To protect these companies, there's a growing demand for cybersecurity experts in metro Atlanta, but not enough supply, according to a recent study by Randstad Technologies of 12 major technology markets.

Kathy Van Pelt, vice president of marketing for Randstad Technologies, said for every seven job listings, there's only one qualified candidate in the Atlanta area.

“Sadly no market in the country has enough talent to meet the demand,” Van Pelt said. “Really in our business, it's all about going after what we consider passive candidates.”

She said the employment rate is so high for these positions that employment staffing firms recruit cybersecurity talent from passive candidates: those who are already employed.

Van Pelt said companies pay a premium for these employees. In its report, the Atlanta area ranks fifth in compensation with a median salary of $129,450 for cybersecurity professionals.

The employment rate is so high for these positions that employment staffing firms recruit cybersecurity talent from passive candidates: those who are already employed.
Credit Courtesy of Randstad

Mustaque Ahamad, a professor of computer science at Georgia Tech, said the presence of large health care, IT and financial transaction companies in the Atlanta area creates demand for workers to protect those companies and their customer’s data.

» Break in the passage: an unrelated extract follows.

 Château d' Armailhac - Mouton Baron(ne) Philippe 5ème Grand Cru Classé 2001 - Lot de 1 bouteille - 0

Nationally, 46 percent of chief information officers said the threat of cyberattacks is a top concern for the upcoming year. That's up from 31 percent in 2015.

Ahamad estimates there are now nearly 100 companies in metro Atlanta focusing on cybersecurity and the frequency of data breaches is just one reason companies are aggressively hiring.

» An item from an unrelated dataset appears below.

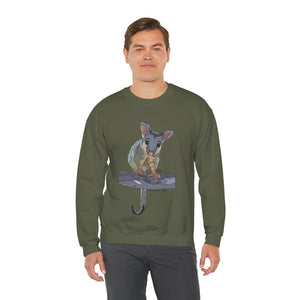 Common Brushtail Possum Sweatshirt | Unisex Heavy Blend™ Crewneck Printify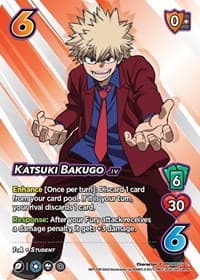 Katsuki Bakugo (Season 1 Local Qualifier Promo) - UniVersus: My Hero Academia Promo Cards - UniVersus card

"Cybercriminals are trying to take your data and profit from it, so everybody needs to protect themselves,” Ahamad said. “And the other part is IT is everywhere and we're getting connected, which basically allows attackers to reach you from wherever they are."

A 2015 national survey found nearly 80 percent of companies said they experienced a data breach in the last 12 months.

Ahamad is also co-founder of the fraud-detection company Pindrop and former director of the Georgia Tech Information Security Center. He said for the past 15 years, Georgia Tech has been working on new solutions for the cybersecurity industry, even before cyberattacks were taken seriously.

It’s also training students to fill these new positions through undergraduate, graduate and certificate programs.

This summer, the university launched a leadership program targeted at educating company executives and military leaders about cybersecurity threats.